Prompt:
Make an exact copy of every entry below, with the pictures left out.
(Beginning of Extracted material)
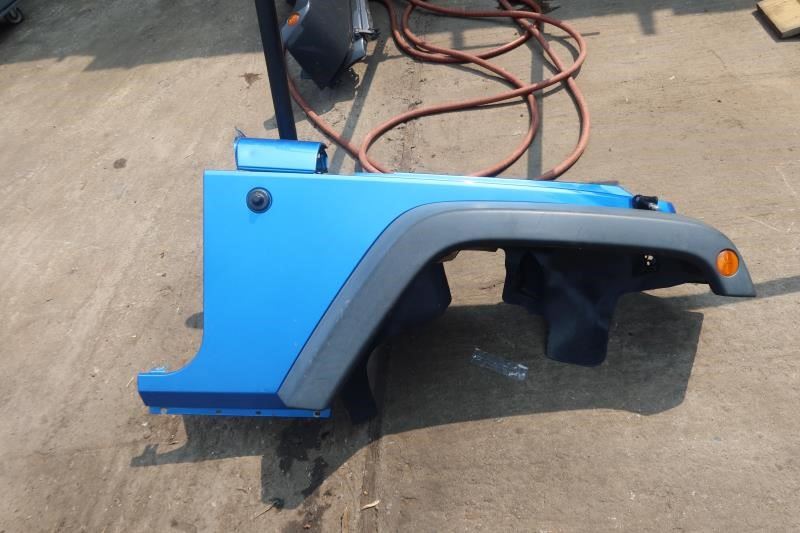 2007-2018 Jeep Wrangler JK OEM Front Right Fender w/ Flare 68029992 / 5KF08RXFAH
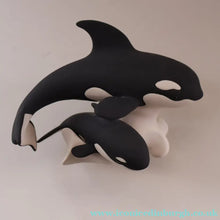 Load image into Gallery viewer, Vintage 1970s Scottish HIGHBANK PORCELAIN (Lochgilphead). Pair of Orcas or Killer Whales
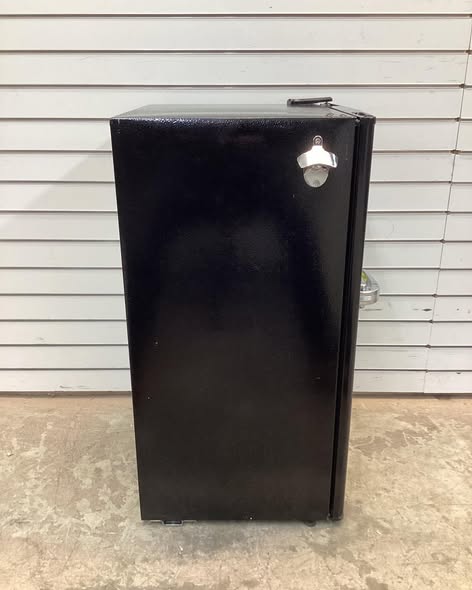 Frigidaire 3.2 cu. ft. Retro Mini Fridge in Black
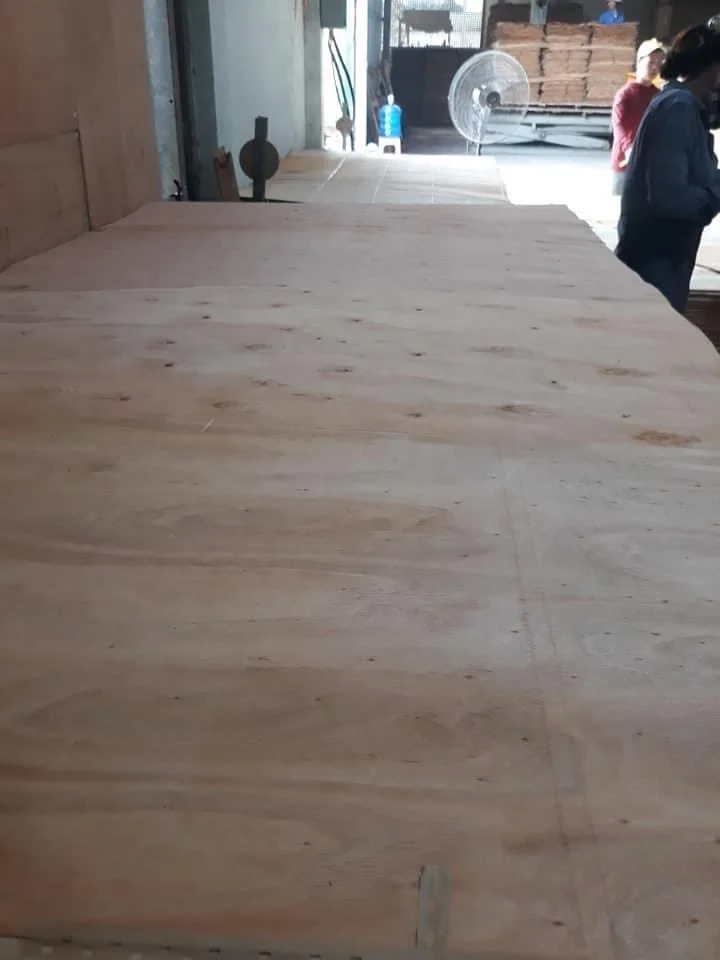 
Eucalyptus Core Veneer 4x8' 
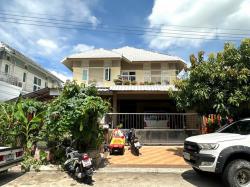    บ้าน 2 ชั้น ม.สิริวลัย 69 ตร.ว ต่อเติมพร้อมอยู่ รังสิตคลอง 1 ถ.รังสิต-นครนายก ธัญบุรี ปทุมธานี   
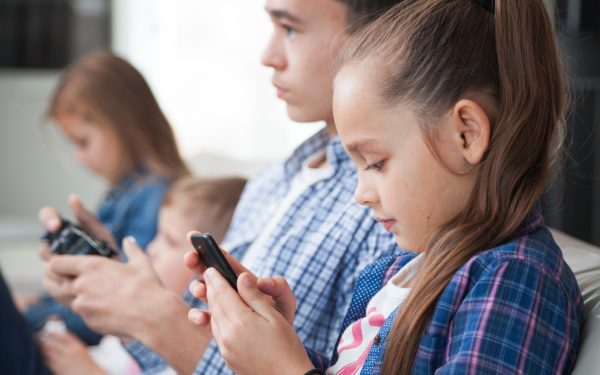Interdicție eșuată: Copiii din AUSTRALIA ignoră restrângerile pe social media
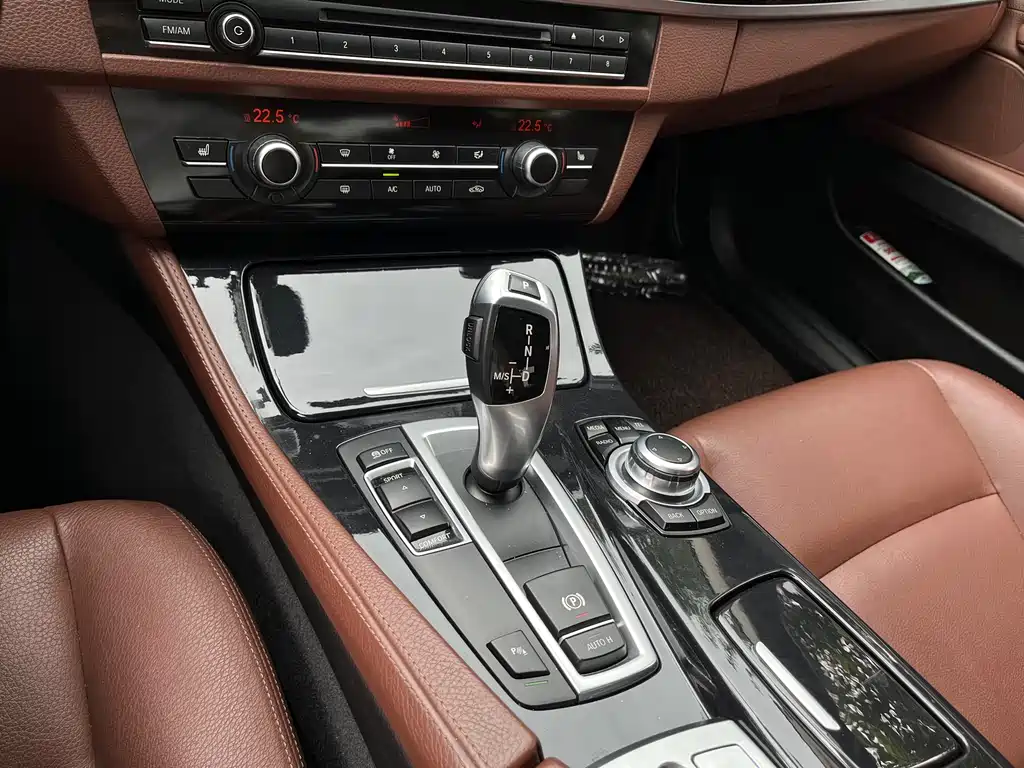 BMW 5 Series 2016 — фото 10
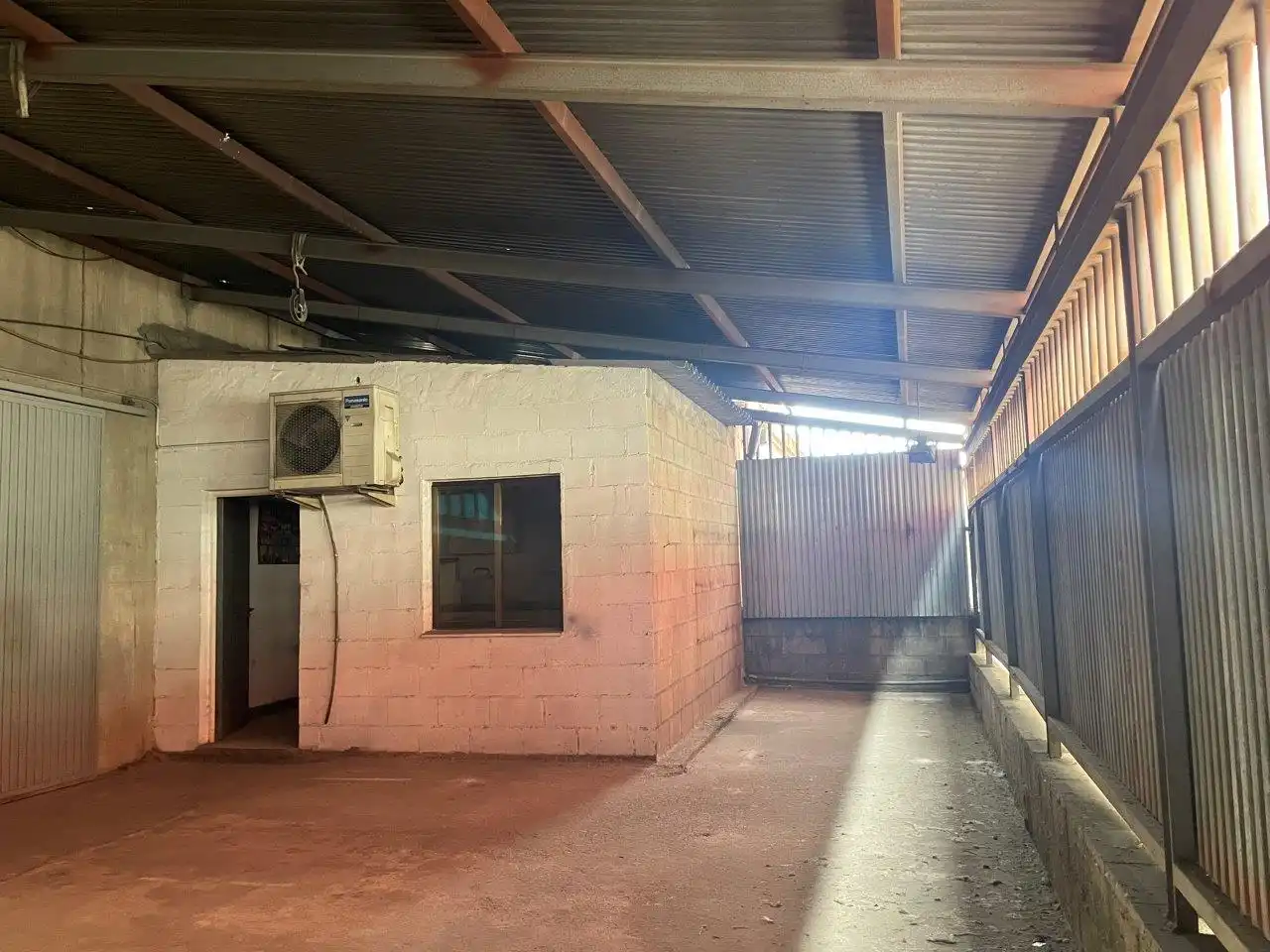 Nau industrial en venda en Sant Andreu de la Barca amb Alarma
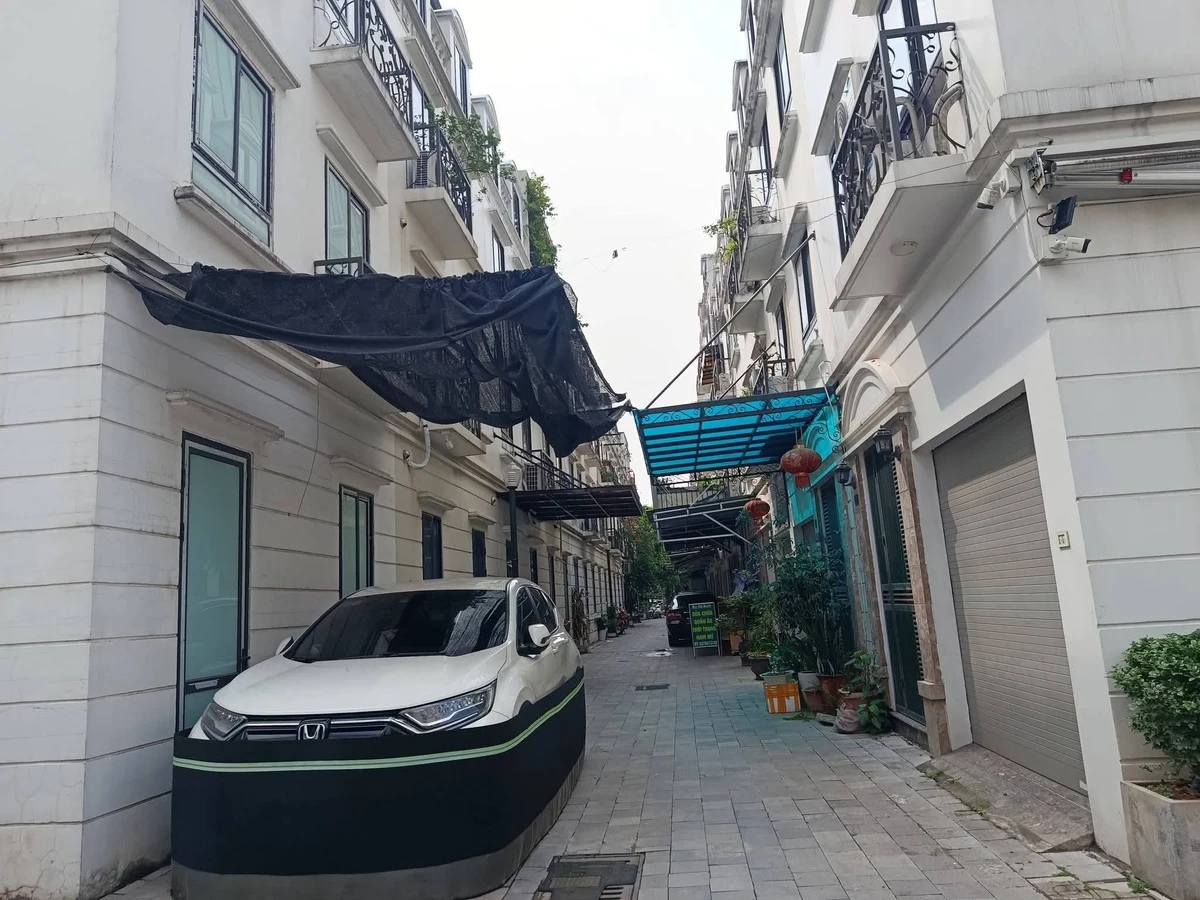 Bán liền kề Lacasta Văn Phú mặt phố 73m² trên 20 tỷ - Ảnh thu nhỏ 4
(End of Extracted material)
Result:
 2007-2018 Jeep Wrangler JK OEM Front Right Fender w/ Flare 68029992 / 5KF08RXFAH
 Load image into Gallery viewer, Vintage 1970s Scottish HIGHBANK PORCELAIN (Lochgilphead). Pair of Orcas or Killer Whales
 Frigidaire 3.2 cu. ft. Retro Mini Fridge in Black
Eucalyptus Core Veneer 4x8' 
    บ้าน 2 ชั้น ม.สิริวลัย 69 ตร.ว ต่อเติมพร้อมอยู่ รังสิตคลอง 1 ถ.รังสิต-นครนายก ธัญบุรี ปทุมธานี   
Interdicție eșuată: Copiii din AUSTRALIA ignoră restrângerile pe social media
 BMW 5 Series 2016 — фото 10
 Nau industrial en venda en Sant Andreu de la Barca amb Alarma
 Bán liền kề Lacasta Văn Phú mặt phố 73m² trên 20 tỷ - Ảnh thu nhỏ 4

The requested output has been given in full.